Replication Lag

The lag problem#

Replication is asynchronous. The primary writes to the WAL, the replica streams it and applies it — but there's a small delay. Under normal conditions this is 10-100ms. Under heavy write load or a slow network, it can be more.

This means a replica is always slightly behind the primary. It's serving data that is almost — but not exactly — current.

Time 0ms:   User posts a tweet → written to Primary ✓
Time 0ms:   User refreshes feed → read goes to Replica
Time 50ms:  Replica receives and applies the tweet
→ User's own tweet is missing from their feed for ~50ms

This is called replication lag, and it leads directly to the read-your-own-writes problem.

Read-Your-Own-Writes Violation#

You write something. You immediately read it back. You don't see it.

This is a read-your-own-writes violation — one of the most jarring consistency problems in user-facing systems. A user posts a tweet, refreshes, and it's gone. A user updates their profile picture, navigates away, comes back — old picture. Confusing and trust-destroying.

sequenceDiagram
    participant User
    participant App
    participant Primary
    participant Replica
    User->>App: POST tweet "Hello world"
    App->>Primary: INSERT tweet
    Primary-->>App: OK
    User->>App: GET feed
    App->>Replica: SELECT tweets
    Note over Replica: Lag — tweet not yet applied
    Replica-->>App: Feed without "Hello world"
    App-->>User: Your tweet is missing 😱

The fix — route recent writes to primary#

After a user writes something, route their reads to the primary for a short window — typically 30-60 seconds. By then, replication lag has caught up and the replica is consistent.

sequenceDiagram
    participant User
    participant App
    participant Primary
    participant Replica
    User->>App: POST tweet "Hello world"
    App->>Primary: INSERT tweet
    Note over App: Mark this user: read from Primary for 60s
    User->>App: GET feed
    App->>Primary: SELECT tweets (within 60s window)
    Primary-->>App: Feed with "Hello world" ✓
    App-->>User: Your tweet appears immediately ✓
    Note over App: After 60s → reads go back to Replica

Only that specific user's reads are affected. Everyone else continues reading from replicas as normal. The primary handles a tiny fraction of extra read traffic — just the user's own reads, for a brief window.

Implementation options#

Option 1 — Time-based: after a write, set a flag in the session (or a cookie) — "route reads to primary until timestamp X." Simple, works well.

Option 2 — Token-based (replication position): the primary returns its current WAL position after a write. On the next read, route to a replica only if that replica has caught up to that WAL position. More precise but more complex.

Most systems use Option 1 — the time-based approach is simple and the 60-second window is conservative enough to cover almost all realistic lag scenarios.

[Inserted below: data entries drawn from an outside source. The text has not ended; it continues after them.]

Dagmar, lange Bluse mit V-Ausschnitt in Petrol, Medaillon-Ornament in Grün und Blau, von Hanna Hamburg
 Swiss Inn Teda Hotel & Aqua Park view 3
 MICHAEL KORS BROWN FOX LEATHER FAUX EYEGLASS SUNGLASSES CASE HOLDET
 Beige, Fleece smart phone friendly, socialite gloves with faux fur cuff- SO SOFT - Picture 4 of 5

What happens if the primary goes down?#

During a primary failure, a replica is promoted to become the new primary — standard failover. But during the failover window (typically 30-60 seconds), the system may be unavailable or degraded.

For users in the read-your-own-writes window, their reads can't go to the primary. The guarantee breaks temporarily.

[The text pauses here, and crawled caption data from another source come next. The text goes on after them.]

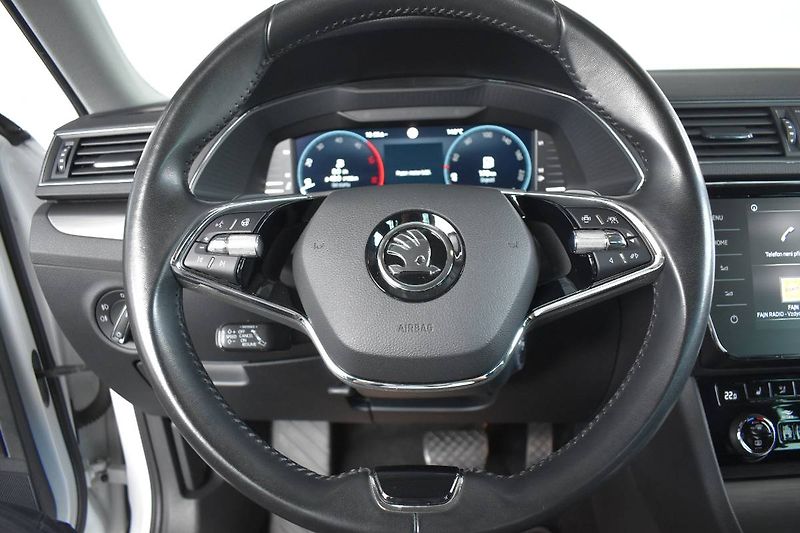 Škoda Superb (2022) 2.0TDI 110kW DSG,Tažné,100% Se - fotka 18 z 28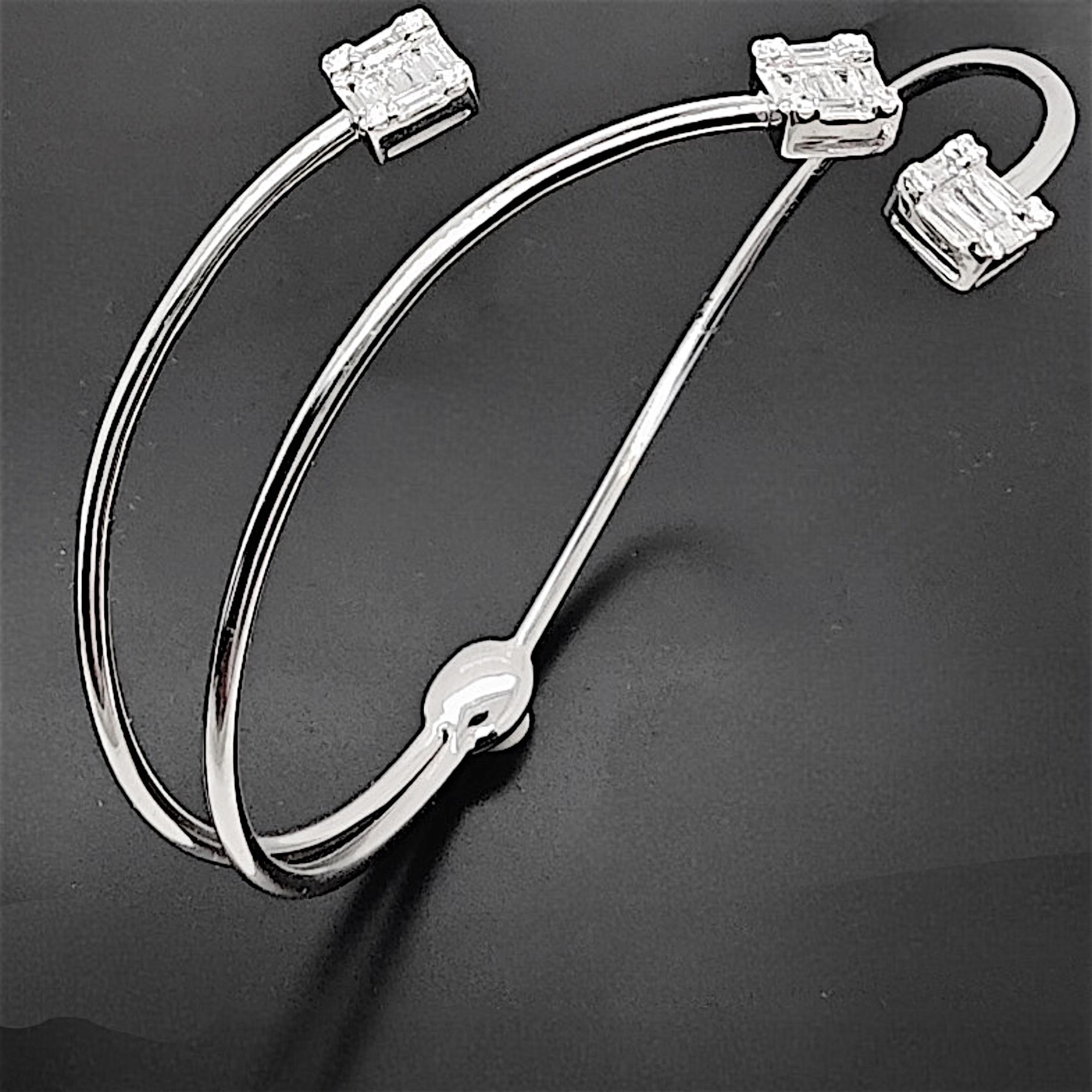 Bracelet en or blanc avec diamant baguette de 0,85 carat Neuf - En vente à New York, NY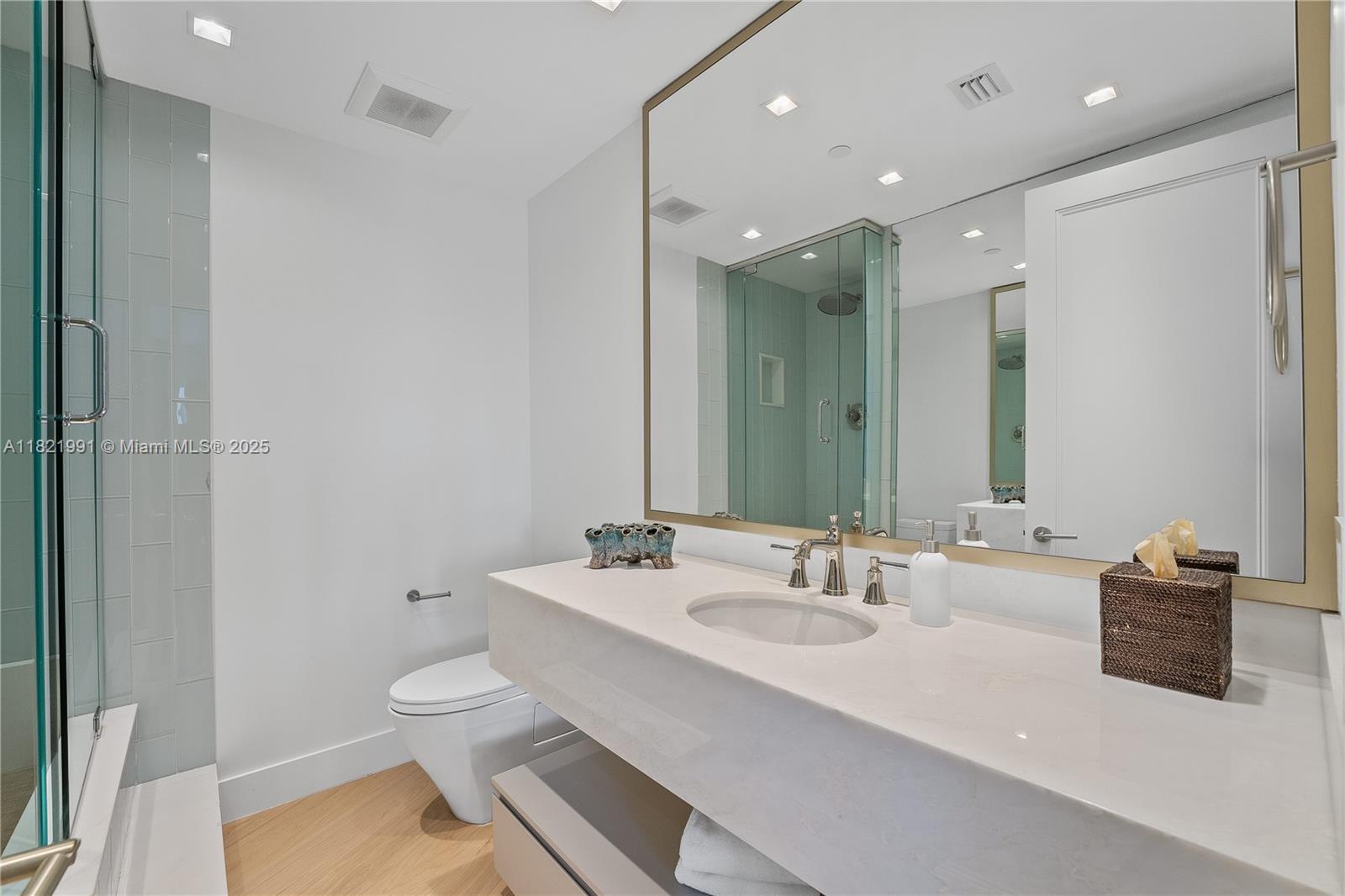 Building Photo - 5242 Fisher Island Dr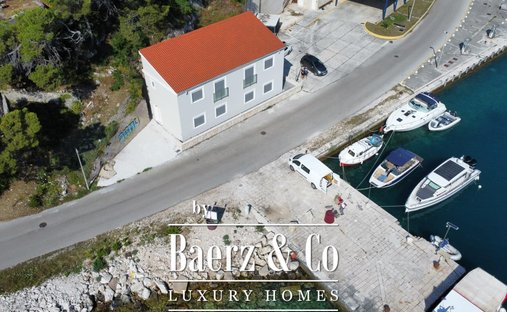 House in Sumartin, Split-Dalmatia County, Croatia 1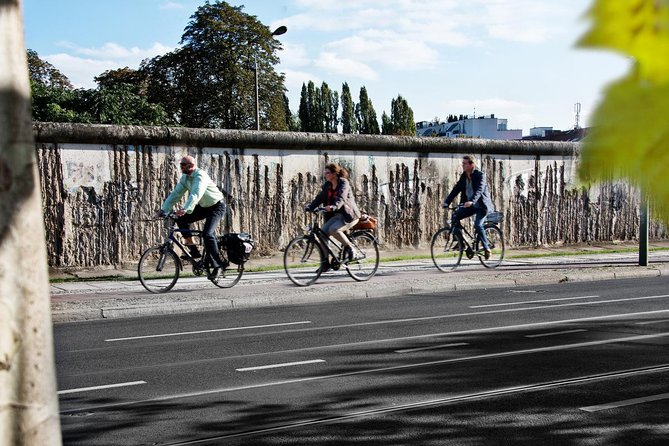 Berlin: Guided Bike tour of the Berlin Wall and Third Reich - The Story of Civil Courage at Stiftung Neue Synagoge Berlin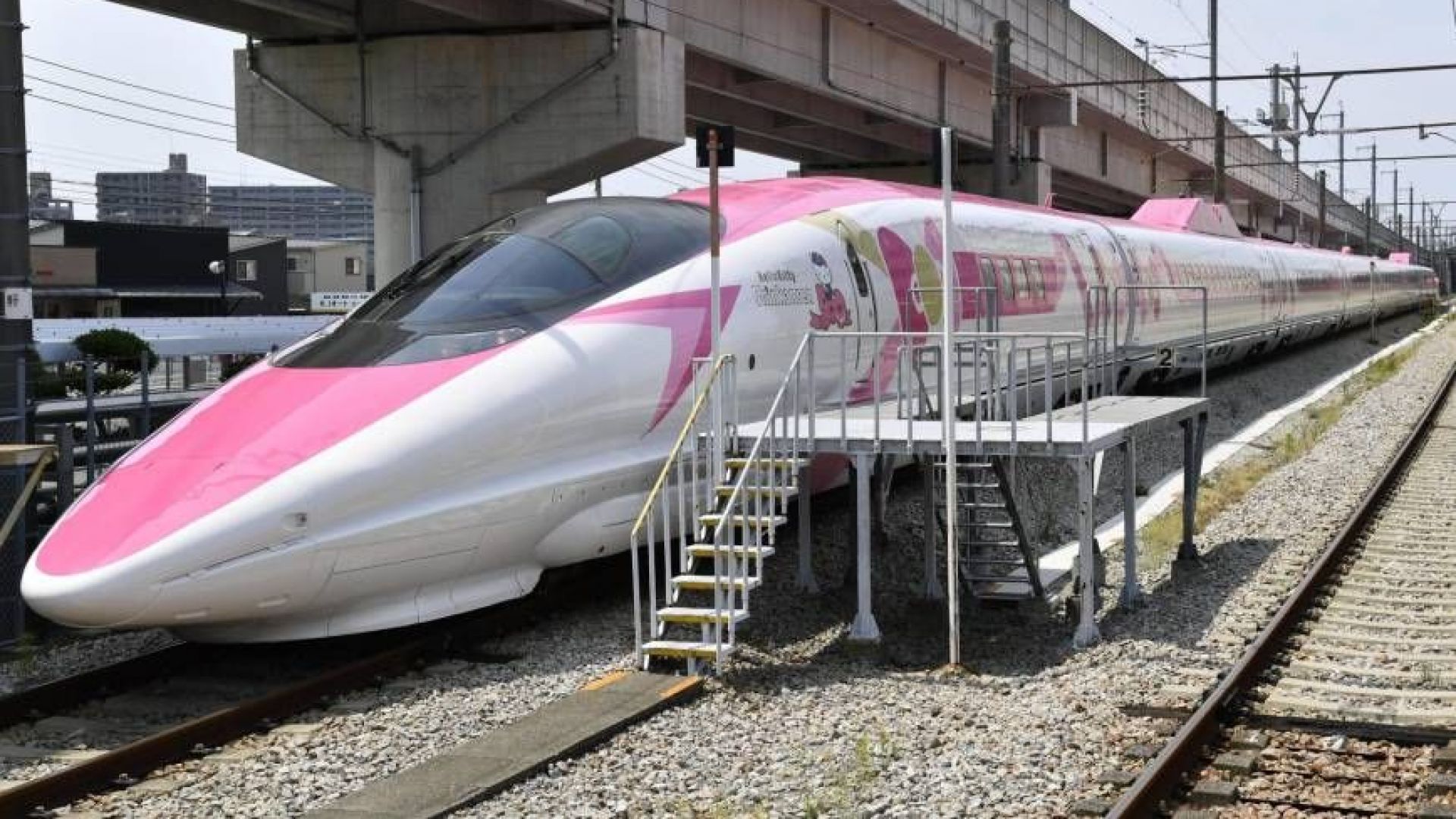 Япония представи розов високоскоростен влак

This is accepted as a known trade-off:

Normal operation:    read-your-own-writes guaranteed ✓
Primary failure:     brief inconsistency window → failover → guarantee restored ✓

For truly critical writes — a payment confirmation, a booking — you don't rely on the DB at all for immediate feedback. You show the user a locally cached version of what they just submitted (optimistic UI) and reconcile with the DB once it's stable.

Common interview trap

Don't promise read-your-own-writes consistency without acknowledging replication lag. The correct framing is: "reads go to replicas by default, but after a write I route that user's reads to the primary for a short window to avoid seeing stale data."

Interview framing

"Reads go to replicas — they're eventually consistent due to replication lag, typically 10-100ms. To handle read-your-own-writes, after a user writes something I route their reads to the primary for 60 seconds. After that window, lag has caught up and they go back to replicas."